Will the Republican hypocrisy ever end? Congressional Republicans were responsible for an explosion of earmarks when they were in charge of the House. Now they are promising to go back to the same earmark agenda. From Politico – Republicans waver on earmarks ban:
…[Congressmen Boehner, Cantor, and Pence] are leaving the door open to allowing earmarks after a one-year party-imposed moratorium.
…Would-be freshmen are wary of earmarks, but the old bulls still think something resembling earmarking is important…
For the last three years, Republicans have offered nothing but rhetoric on earmark reform. Democrats have taken action to reform the earmark process, without GOP support:
Significant reductions in the total dollar amount earmarked for non-project-based accounts in appropriations –totaling 43 percent below the 2006 level in the 2008 bills, reducing further in the 2009 bills, and reducing down to 50 percent in the 2010 bills.
Unprecedented rules for transparency in 2007, requiring that each bill must be accompanied by a list identifying each earmark that it includes and which Member requested it– to be available online before the bill is ever voted on.
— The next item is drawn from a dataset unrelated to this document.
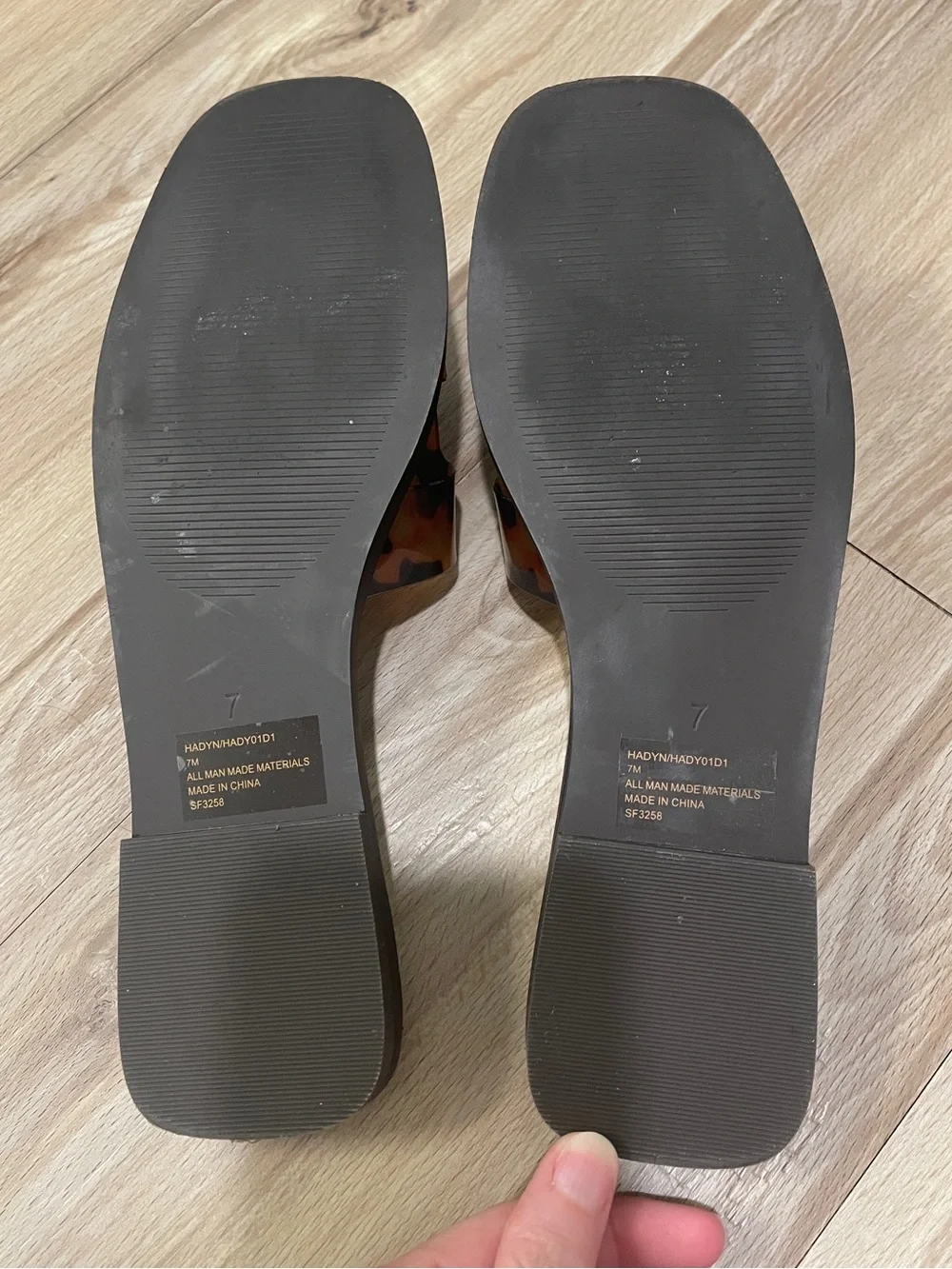 Steve Madden Hadyn Tortoise Sandals 7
Each House earmark on those lists is backed up by a public letter from the requesting Member identifying the earmark, the entity that will receive the funds and their address, what the earmark does, and a certification that neither the requesting member nor their spouse will benefit from it financially.
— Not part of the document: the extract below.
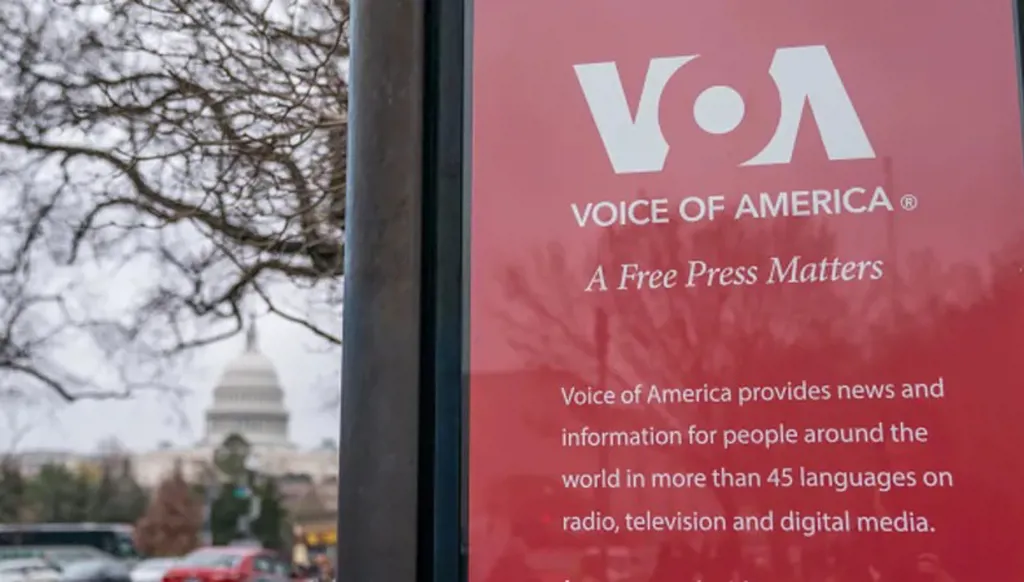 إدارة ترامب تُسكت صوت أميركا إلى العالم... ومصير مجهول للإعلاميين العرب في "الحرة"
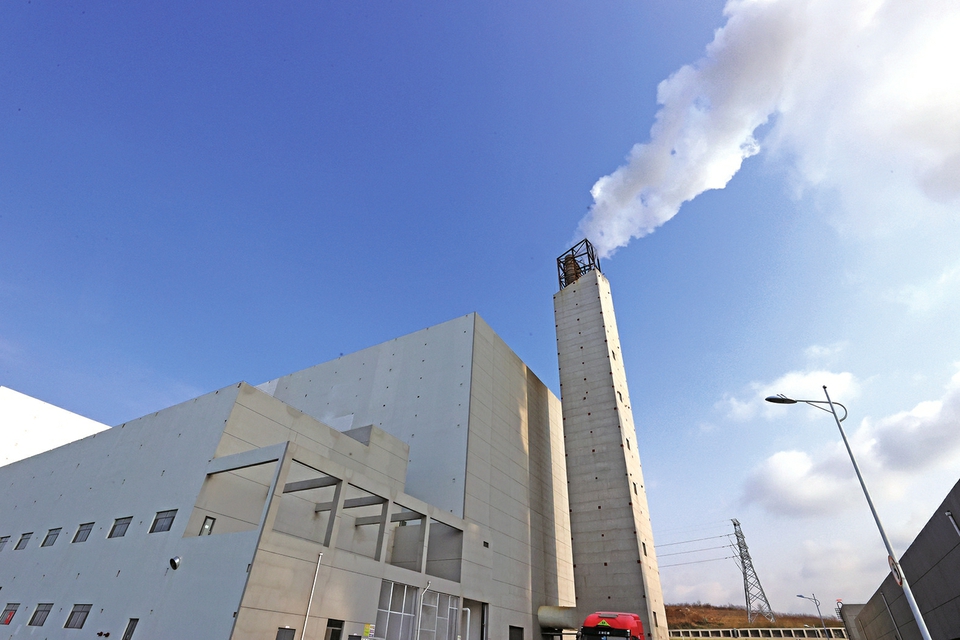 長(cháng)清馬山垃圾焚燒發(fā)電項目日焚燒約1500噸，年發(fā)電2億度，可滿(mǎn)足近6萬(wàn)戶(hù)家庭一年的用電 垃圾焚燒 發(fā)電生金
Requiring all Members’ earmark requests to be publicly disclosed in 2009 on their web sites at the time the request is made explaining the purpose of the earmark and why it is a valuable use of taxpayer funds.
House earmarks designated for for-profit entities must submit a bid and compete in a fair competition in recognition for the potential for abuse in sole-source contracting.
No earmarks to for-profit entities in 2010, as the House Appropriations Committee has announced that it will not approve requests for earmarks that are directed to for-profit entities. If this rule had been in effect last year, it would have resulted in 1,000 fewer earmarks. This committee requirement includes new oversight, through Inspector General audits, to prevent for-profits from masquerading as non-profits.
For greater transparency in 2010, the Committee is establishing an online “one-stop” link to all House Members’ appropriations earmark requests to enable the public to easily view them.
A one-year moratorium on earmarks in 2007 until a reformed process could be put in place.